Still, even believing that it is possible to tell something about Greeks and their culture and life-form, for example, - to tell about their tradition, arts, scholarship and martial prowess, from just a handful of sources like Homer, Plato and Aristotle only - one could still be wrong about one's overall conclusions. And, even though this illogical de-constructionist fallacy is more observable when quacks psychoanalyze dead cultures, traditions and epistemologies (such as those of ancient Egypt, Greece, Ashanti, and Hindu), it is hardly true that any one could say, least of all an outsider, what the SOUL of an existing culture harbors, what it feels, what it knows and the extent which this knowledge has taken him.

So, why has it been that human beings, especially weak-willed ones, leave their immediate, clear and present concerns only to pursue the ephemeral distant, unrelated and unachievable goals?
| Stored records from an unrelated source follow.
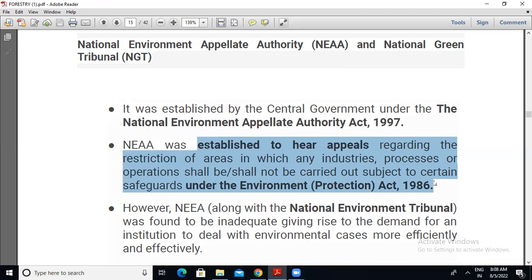In the last class we discussed the Environment Protection Act 1986. NEAA was established with respect to the Environment Protection Act 1986, but don't forget that NEAA itself was established in 1997 only, while the Environment Protection Act came in 1986.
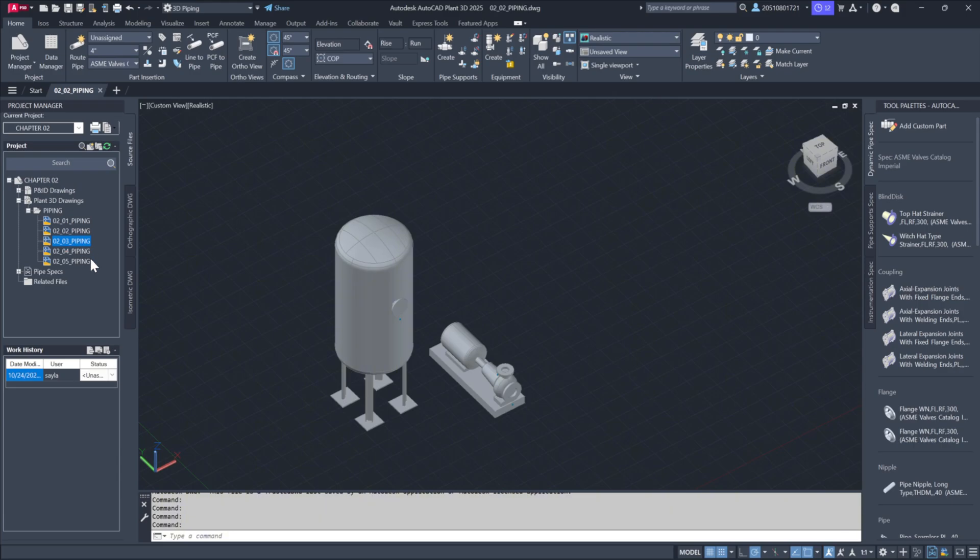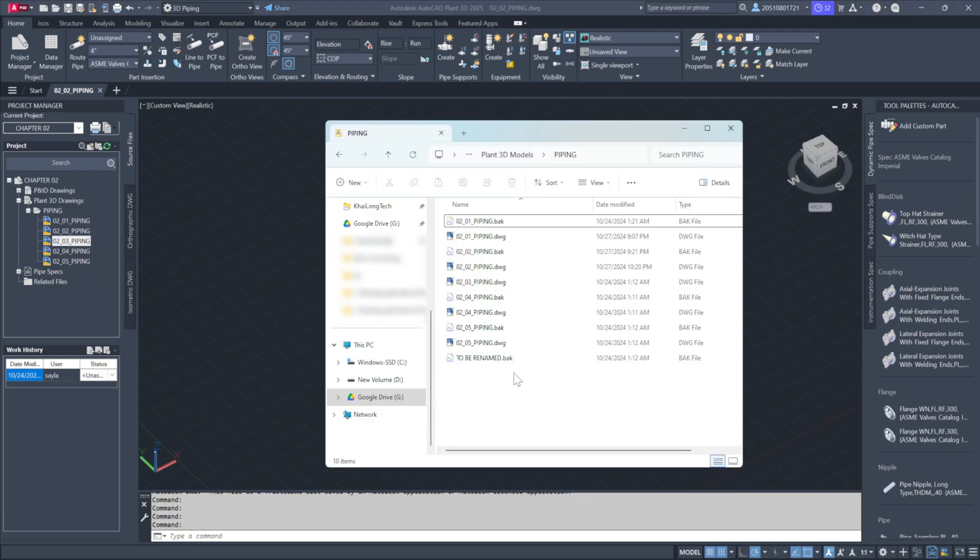Next, if you go back to Windows, you'll see the drawing has also been renamed there, reflecting the change made in Project Manager.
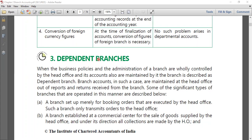The branch will be keeping its memorandum account — memorandum means a rough account. They will be preparing a rough account of the debtors, petty cash, and creditors, just to see how much the day-to-day balance is and to ensure there is no fraud. They will be preparing a rough memorandum trade account, and the details will be given as a statement which the branch will send to the head office.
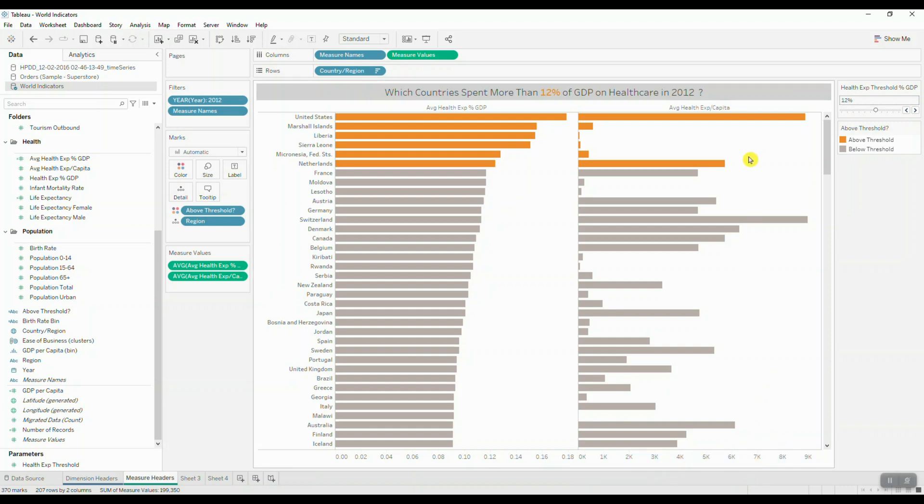So we can still see our axis scale, but now we're getting our headers at the very top. So that's it for today's tutorial. Thank you guys for watching. Please subscribe to our channel for more tips and tricks.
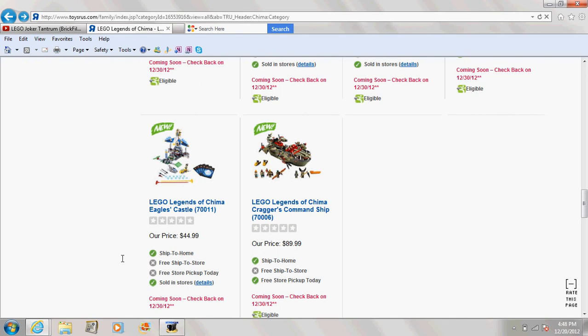Ninjago and Legends of Chima compared to DC Super Heroes - I love the DC and Marvel lines and love all the Teenage Mutant Ninja Turtles stuff. It says sold in stores.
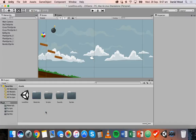Hi and welcome to another tutorial on 2D game design in Unity. In the previous tutorial we looked at how to add physics 2D materials to objects in our game so that we can work with things like bounciness and friction, and we also looked at different types of colliders.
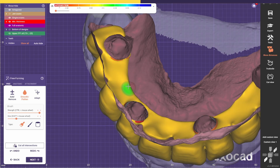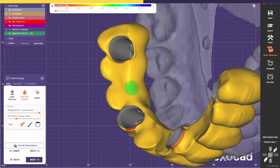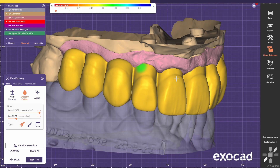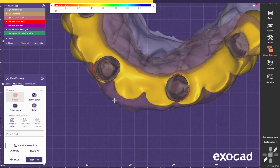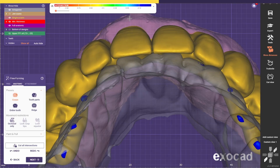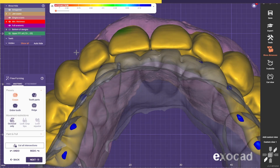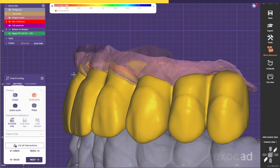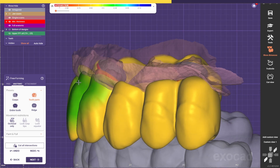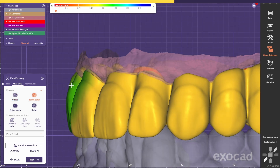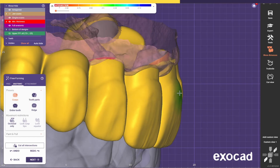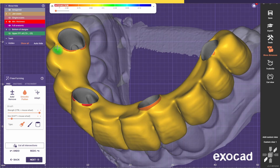Now I'm just going to smooth the areas and smooth the palatal. I'm going to try to bring this canine a bit more out, because since I pulled this one out I should bring this one out as well, just to be in the same buccal corridor. This one a bit more inside.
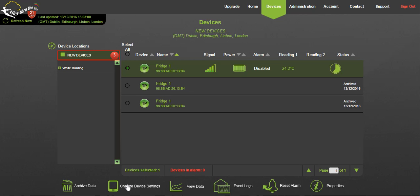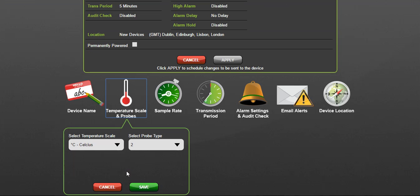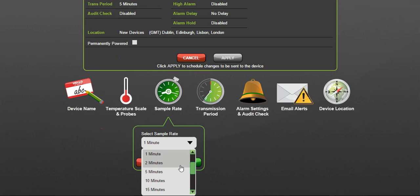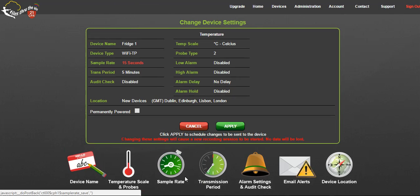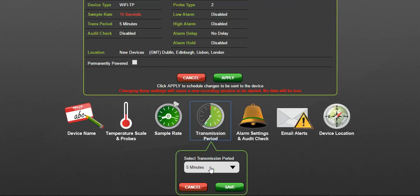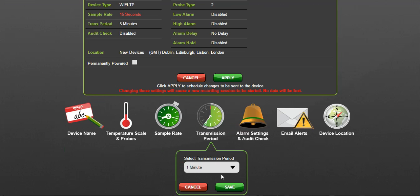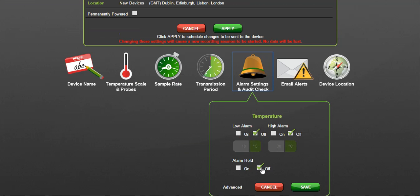Each device is saved to the cloud with a standard default setting. To view or change any of those settings, select the device and click the change device settings tab. Here you can change the name of the device, the temperature scale, the rate at which the logger samples, the rate at which it transmits those readings to the cloud, alarm settings, email alerts, and the device location.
This is precisely where this psychoanalysis business comes in. Why do debased, conquered racial types adopt the most heroic tactics of their subjugating masters in order to denigrate 'others' that may objectively be better than their originating ethnic groups?

Some have recently fingered the Stockholm syndrome that was first noticed in America when supposed Black Panther 'terrorists' abducted Ms Patricia Hearst, said to be an newspaper heiress, but was later caught and shown on video participating in a bank robbery organized by her supposed captors! It is a baffling thing, this thing we are talking about. So, why do domesticated, broken, slaves, derive vicarious pleasure in attacking the beleaguered but free men in their society whose march to freedom is accompanied by monstrous costs along the way, like the Igbo?

Some have said that this impulse to denigrate 'others' arises from the notorious green-eyed monster of cultural envy, a thwarted, secret, desire to be exactly, or more than the denigrated, maligned, ethnic groups. Maybe, but these things are not very clear, even to the most discerning. Still, a situation where moribund, cavemen, tribesmen, ethnic groups or other interests feel that they can not get cultural relevance and recognition within the nation's political equation unless they tangentially denounce the Igbo, no matter how unfair or justified, is very dangerous for the Igbo.

Alright, there are 'traitors' among the Igbo against their own causes, as there are among other national groups in Nigeria; but could this then justify the caption in an article published in a daily that claims to be national, by these chameleonic and diabolical columnists pretending to be helping the Igbo cause as: 'Igbo traitors'? Do the semantic connotations not portray all Igbo as 'traitors' to some cause or causes, preferably some self-serving and non-existent national cause? As those who, theoretically, would betray the Nigerian republic, are the Igbo any different from other ethno-tribal groups today who have brazenly raped the country and are proud of it because their acts further impoverishes the Igbo?

So why do they do it, these merchants of Igbo ancestral guilt and subject to eternal restitution? We are bound to put this down to tribalism. But it is more a result of the ignorance of generalists who would talk as specialists and other specialists who would generalize in issues they know nothing about. It is not important, nor relevant, that any Igbo critic has had some critical knowledge of the Igbo through friendship or other associations like marriage: The critic can never understand the Igbo as an intellectual dilettante.

That is why we appeal to the governorship position seekers in Igbo States like Anambra to exhibit some sense of decorum in their pursuit for power. Their scramble for temporal power simply empowers ignorant Igbophobes whose knowledge is restricted to visiting Igbo government houses on invitation, after which they clandestinely engineer and orchestrate pogroms against the Igbo.

A word, they say, is enough for the wise.